Mr. Touhig: It is essential that there is very close co-operation between the statutory and local authorities. I am aware that there have been problems in my hon. Friend's constituency, but I believe that the measures that are being implemented and the funding that is being provided will help to overcome them. If he is concerned about a specific problem, I ask him to write to me about it, and I shall take it up on his behalf.
Mr. Greg Knight (East Yorkshire): Is the Minister aware of the despair, upset and sheer emotional distress that many home owners feel when their homes are flooded? Does he accept that his policy has so far been woefully inadequate? Is he aware that the Institution of Civil Engineers concluded last week that spending on flooding needed to be doubled and went on to describe Government policy in this area as piecemeal and short term? Ministers are fond of bleating about how advantageous our membership of the European Union is, so why will he not claim some of the money that is available from the European Union to member states for this purpose, thereby helping to alleviate[Interruption.]
Mr. Touhig: I congratulate the right hon. Gentleman on his appointment to his Front-Bench position. It is not for me to comment on the length of his questions, but he has certainly shortened the winter. I do not accept the view that the Government have not done a great deal to overcome the problems that we faced last year. There is a short-term programme of repairs and renewals to ensure that we avoid the problems this year. There is also a long-term programme of initiatives, which includes the
Mr. Elfyn Llwyd (Meirionnydd Nant Conwy): May I remind the Minister that despite his assurances about the unusual floods that we had in October, the town of Ruthin has suffered severe floods twice since then? I witnessed them. Even the Welsh Local Government Association, which is friendly to him, says that £50 million of new money is required to put things right in Wales. So far, there has been £15 million, plus the £6 million. That is not even halfway, so will he please redouble his efforts and ensure that we protect these societies and the people in them?
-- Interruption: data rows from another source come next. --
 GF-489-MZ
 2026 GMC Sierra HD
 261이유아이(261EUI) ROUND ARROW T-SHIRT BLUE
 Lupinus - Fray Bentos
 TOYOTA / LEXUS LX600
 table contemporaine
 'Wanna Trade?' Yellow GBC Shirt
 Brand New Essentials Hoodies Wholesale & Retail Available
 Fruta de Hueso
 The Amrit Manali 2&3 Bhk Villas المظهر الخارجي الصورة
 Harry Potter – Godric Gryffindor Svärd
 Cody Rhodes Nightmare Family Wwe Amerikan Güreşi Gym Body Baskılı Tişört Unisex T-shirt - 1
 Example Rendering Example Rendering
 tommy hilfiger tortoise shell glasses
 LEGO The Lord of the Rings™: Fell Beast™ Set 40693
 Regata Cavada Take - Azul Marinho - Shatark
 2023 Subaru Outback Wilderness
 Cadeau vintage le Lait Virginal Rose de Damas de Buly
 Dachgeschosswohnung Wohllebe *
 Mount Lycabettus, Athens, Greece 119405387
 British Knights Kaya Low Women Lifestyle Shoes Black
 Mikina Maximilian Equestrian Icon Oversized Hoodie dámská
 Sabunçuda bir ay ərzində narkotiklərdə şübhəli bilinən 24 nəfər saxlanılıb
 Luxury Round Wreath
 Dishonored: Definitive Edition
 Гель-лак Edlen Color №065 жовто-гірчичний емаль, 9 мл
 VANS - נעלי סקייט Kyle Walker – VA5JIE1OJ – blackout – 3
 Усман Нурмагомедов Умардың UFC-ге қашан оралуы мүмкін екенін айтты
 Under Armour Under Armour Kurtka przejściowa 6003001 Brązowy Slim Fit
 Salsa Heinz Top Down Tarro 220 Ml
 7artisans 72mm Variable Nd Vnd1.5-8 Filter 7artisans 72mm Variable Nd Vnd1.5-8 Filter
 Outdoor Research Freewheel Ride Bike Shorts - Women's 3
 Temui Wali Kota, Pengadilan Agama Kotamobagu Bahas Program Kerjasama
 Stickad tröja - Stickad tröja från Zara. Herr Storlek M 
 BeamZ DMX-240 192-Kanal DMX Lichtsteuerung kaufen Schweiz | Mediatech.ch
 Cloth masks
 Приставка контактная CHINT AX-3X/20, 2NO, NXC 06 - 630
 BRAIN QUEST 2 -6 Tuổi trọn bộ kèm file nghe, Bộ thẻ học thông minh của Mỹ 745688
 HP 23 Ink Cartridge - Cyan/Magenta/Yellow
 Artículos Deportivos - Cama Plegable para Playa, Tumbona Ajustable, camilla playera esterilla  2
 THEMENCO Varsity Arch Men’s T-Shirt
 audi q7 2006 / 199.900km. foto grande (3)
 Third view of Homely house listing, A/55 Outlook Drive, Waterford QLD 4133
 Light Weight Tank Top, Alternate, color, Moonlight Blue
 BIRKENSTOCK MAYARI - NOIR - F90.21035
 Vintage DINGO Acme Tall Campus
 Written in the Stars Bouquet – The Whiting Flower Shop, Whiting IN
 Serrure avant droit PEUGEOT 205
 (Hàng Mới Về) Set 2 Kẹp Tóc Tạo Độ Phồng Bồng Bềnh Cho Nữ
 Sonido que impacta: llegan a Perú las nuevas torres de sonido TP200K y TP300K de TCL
Mr. Touhig: I note the hon. Gentleman's point. It is in all our interests to help communities such as Ruthin, which were blighted by the events of last October. I believe that the Assembly is working very progressively with local authorities. As I said, it has provided £15 million to fund schemes for the next four years. I think that that will make an important contribution. There is never enough money to do all the work because there is always a problem: when the crisis is staunched in one area, problems can arise in another. I believe that the discussions between my friends in the Assembly and local authorities mean that steps are being made in the right direction. We will do everything that we can to ensure that if there are difficulties this winter, we have the resources in place to overcome them.
Lembit Öpik (Montgomeryshire): The Minister will know that many rivers have their sources in Powys, including the Usk, the Severn and the Wye. Is he aware that, a couple of years ago, the Secretary of State for Wales and I held a meeting with the Environment Agency to reduce water levels in the Clywedog dam and thus reduce the risk of overflow at peak times? That reduced flooding. Is he willing to facilitate further such meetings to extend that successful scheme to other reservoirs in the interests of reducing flooding both in Wales and in parts of England?